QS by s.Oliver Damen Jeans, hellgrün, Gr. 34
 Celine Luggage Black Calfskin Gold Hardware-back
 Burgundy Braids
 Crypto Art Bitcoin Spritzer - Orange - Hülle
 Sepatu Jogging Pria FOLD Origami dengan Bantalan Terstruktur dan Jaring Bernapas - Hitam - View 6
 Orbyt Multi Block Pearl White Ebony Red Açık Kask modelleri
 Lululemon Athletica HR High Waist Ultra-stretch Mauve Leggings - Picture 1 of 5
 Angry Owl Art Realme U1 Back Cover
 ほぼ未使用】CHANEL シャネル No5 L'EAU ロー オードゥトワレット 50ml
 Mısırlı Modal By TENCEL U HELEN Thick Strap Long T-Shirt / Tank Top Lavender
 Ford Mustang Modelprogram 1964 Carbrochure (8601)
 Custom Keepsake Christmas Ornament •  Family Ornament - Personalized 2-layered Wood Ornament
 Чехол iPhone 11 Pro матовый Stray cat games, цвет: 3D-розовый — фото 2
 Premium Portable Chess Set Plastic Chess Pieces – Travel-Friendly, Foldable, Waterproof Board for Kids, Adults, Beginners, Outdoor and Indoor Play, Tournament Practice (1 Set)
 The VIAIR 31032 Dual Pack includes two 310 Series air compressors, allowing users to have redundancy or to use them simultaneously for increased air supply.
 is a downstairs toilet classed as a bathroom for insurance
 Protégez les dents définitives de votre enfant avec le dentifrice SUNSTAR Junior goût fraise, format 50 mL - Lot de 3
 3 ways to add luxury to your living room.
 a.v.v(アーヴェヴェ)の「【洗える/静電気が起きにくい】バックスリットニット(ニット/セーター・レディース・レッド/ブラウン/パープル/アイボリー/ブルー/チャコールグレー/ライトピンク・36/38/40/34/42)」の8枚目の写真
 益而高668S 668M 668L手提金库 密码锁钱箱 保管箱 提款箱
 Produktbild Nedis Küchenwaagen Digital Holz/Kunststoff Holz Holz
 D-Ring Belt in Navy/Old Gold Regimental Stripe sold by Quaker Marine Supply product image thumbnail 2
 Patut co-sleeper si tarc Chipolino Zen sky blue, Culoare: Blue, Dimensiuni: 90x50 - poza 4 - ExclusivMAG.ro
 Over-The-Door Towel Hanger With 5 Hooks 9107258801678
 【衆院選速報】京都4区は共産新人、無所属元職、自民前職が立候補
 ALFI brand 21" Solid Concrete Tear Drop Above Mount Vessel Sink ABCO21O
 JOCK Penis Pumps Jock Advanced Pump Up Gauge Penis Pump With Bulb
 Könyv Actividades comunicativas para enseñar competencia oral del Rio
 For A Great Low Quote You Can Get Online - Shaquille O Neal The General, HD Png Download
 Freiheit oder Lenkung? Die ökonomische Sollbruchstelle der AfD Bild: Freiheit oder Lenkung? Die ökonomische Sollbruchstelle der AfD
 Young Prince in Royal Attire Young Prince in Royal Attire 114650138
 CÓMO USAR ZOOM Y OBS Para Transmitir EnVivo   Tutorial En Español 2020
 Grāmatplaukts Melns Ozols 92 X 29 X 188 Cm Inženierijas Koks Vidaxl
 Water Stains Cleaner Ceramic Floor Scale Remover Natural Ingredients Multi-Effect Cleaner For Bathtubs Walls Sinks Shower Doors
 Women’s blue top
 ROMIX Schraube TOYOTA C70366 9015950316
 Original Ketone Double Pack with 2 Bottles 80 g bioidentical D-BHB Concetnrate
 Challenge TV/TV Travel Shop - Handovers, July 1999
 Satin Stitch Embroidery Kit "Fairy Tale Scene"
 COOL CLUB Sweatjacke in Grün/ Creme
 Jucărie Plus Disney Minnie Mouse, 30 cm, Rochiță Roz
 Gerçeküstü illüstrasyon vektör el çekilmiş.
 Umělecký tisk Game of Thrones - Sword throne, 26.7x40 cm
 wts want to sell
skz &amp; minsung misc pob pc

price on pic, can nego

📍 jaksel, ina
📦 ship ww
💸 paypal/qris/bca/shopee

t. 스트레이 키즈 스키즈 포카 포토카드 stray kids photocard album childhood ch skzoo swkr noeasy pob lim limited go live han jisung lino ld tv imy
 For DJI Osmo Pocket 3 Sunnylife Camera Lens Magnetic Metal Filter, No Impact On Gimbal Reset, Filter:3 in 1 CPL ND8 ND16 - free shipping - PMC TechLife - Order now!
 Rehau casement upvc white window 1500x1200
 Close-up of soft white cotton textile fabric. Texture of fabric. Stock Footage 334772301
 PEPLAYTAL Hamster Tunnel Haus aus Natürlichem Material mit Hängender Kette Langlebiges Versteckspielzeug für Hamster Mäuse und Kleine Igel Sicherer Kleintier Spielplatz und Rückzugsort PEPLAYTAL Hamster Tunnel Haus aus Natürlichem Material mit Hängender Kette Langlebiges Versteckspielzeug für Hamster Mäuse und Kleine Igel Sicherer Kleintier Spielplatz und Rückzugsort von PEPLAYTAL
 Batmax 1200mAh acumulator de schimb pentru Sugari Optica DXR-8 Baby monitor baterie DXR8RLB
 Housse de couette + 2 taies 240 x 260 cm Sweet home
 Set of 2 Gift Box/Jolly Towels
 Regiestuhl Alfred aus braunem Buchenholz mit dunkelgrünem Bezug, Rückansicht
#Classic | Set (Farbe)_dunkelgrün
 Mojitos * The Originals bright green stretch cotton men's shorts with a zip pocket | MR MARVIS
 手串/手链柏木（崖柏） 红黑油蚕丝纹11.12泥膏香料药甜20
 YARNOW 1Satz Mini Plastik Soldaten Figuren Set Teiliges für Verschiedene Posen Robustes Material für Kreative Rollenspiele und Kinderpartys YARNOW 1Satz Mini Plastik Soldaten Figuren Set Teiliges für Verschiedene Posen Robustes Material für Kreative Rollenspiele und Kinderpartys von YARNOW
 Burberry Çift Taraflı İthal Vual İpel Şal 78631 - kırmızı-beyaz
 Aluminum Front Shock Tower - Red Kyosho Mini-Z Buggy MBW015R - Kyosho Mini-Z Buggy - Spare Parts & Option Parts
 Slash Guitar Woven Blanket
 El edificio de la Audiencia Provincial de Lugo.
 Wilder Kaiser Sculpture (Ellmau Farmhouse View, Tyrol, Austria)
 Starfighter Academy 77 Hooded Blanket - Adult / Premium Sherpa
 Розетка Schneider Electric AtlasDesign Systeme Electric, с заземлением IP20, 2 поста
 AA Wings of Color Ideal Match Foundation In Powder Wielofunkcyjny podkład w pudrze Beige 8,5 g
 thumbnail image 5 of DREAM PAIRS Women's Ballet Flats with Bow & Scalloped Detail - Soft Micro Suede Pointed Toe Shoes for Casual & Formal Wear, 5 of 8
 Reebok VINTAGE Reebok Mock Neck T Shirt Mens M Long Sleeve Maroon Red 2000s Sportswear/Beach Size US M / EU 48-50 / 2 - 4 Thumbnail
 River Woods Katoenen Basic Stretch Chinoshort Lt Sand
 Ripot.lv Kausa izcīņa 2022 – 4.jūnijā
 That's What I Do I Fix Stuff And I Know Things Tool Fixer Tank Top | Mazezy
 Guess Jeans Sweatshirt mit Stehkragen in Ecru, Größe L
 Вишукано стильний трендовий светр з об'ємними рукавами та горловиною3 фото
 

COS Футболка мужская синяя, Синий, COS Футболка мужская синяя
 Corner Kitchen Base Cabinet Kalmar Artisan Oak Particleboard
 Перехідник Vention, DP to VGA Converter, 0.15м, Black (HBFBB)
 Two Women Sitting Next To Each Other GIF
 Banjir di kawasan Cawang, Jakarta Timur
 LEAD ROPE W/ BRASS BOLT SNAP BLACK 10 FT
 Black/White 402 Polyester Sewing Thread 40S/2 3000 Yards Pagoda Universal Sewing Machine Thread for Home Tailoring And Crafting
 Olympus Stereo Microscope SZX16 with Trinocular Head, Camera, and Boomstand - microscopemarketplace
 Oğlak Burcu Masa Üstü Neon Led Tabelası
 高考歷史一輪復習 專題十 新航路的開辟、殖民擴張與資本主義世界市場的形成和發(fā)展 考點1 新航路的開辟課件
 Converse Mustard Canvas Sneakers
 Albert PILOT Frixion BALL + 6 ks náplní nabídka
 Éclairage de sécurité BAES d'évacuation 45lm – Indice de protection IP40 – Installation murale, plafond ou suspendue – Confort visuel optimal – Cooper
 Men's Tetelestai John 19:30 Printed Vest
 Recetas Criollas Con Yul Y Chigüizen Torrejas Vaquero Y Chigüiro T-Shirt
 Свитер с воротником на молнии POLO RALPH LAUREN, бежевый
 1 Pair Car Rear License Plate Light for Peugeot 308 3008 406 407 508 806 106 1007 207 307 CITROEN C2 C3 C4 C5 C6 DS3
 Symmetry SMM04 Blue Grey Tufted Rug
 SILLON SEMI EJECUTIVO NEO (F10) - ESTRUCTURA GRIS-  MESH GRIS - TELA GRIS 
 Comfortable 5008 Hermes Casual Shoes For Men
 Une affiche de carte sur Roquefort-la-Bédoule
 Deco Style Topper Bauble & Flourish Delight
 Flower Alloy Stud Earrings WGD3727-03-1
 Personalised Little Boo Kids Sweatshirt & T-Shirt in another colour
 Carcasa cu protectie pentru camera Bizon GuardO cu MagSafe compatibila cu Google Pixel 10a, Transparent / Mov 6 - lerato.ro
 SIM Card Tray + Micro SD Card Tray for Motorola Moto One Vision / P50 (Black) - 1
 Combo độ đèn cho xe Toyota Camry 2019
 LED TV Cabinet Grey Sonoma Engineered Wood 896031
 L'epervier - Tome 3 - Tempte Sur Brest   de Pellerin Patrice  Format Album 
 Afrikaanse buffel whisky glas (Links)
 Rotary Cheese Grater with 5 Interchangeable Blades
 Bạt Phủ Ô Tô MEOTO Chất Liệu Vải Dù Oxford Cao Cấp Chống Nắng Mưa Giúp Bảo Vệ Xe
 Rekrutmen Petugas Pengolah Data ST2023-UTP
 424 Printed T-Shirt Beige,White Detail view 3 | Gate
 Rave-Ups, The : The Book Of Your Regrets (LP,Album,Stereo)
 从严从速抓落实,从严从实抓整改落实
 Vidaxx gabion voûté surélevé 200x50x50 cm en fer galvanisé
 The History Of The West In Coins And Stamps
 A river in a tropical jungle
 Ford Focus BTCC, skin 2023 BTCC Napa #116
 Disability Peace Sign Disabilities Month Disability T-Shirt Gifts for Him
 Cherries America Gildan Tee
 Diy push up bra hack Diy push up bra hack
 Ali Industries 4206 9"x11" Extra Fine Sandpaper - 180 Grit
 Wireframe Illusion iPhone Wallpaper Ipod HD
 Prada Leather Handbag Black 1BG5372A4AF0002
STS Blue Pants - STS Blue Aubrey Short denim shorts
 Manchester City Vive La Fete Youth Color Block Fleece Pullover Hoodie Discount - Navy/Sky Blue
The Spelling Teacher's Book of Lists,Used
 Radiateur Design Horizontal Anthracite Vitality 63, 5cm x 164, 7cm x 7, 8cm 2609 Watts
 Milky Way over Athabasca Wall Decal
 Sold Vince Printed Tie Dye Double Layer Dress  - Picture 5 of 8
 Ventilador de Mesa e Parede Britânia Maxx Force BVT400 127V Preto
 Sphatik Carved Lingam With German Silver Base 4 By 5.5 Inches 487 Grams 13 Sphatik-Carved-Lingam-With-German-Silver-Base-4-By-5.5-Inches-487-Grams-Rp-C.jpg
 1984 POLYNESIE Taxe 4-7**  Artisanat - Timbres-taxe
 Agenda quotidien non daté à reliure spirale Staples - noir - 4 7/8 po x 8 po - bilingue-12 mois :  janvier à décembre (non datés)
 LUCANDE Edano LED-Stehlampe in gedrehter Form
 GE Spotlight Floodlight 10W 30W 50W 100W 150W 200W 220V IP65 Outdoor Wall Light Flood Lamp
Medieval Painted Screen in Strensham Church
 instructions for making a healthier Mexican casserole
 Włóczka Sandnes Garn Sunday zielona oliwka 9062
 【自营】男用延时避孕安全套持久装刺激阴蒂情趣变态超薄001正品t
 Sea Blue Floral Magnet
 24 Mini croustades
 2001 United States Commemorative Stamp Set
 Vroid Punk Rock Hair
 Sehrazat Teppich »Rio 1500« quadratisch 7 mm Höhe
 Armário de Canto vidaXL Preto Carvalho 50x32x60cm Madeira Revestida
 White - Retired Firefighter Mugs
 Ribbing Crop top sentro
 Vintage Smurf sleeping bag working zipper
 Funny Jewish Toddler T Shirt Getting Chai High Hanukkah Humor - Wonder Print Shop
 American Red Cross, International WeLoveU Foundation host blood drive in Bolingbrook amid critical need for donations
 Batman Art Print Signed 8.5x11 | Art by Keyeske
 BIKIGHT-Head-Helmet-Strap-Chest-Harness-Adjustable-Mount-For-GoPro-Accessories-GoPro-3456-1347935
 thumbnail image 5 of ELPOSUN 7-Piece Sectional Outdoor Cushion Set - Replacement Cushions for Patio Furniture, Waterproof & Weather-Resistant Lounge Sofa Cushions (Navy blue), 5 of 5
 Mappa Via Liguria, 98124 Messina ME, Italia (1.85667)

**What is needed**
In the listing above, find the line containing "Angry Owl Art Realme U1 Back Cover" and the line containing "The VIAIR 31032", then repeat those two lines and everything between them exactly.

**Final answer**
 Angry Owl Art Realme U1 Back Cover
 ほぼ未使用】CHANEL シャネル No5 L'EAU ロー オードゥトワレット 50ml
 Mısırlı Modal By TENCEL U HELEN Thick Strap Long T-Shirt / Tank Top Lavender
 Ford Mustang Modelprogram 1964 Carbrochure (8601)
 Custom Keepsake Christmas Ornament •  Family Ornament - Personalized 2-layered Wood Ornament
 Чехол iPhone 11 Pro матовый Stray cat games, цвет: 3D-розовый — фото 2
 Premium Portable Chess Set Plastic Chess Pieces – Travel-Friendly, Foldable, Waterproof Board for Kids, Adults, Beginners, Outdoor and Indoor Play, Tournament Practice (1 Set)
 The VIAIR 31032 Dual Pack includes two 310 Series air compressors, allowing users to have redundancy or to use them simultaneously for increased air supply.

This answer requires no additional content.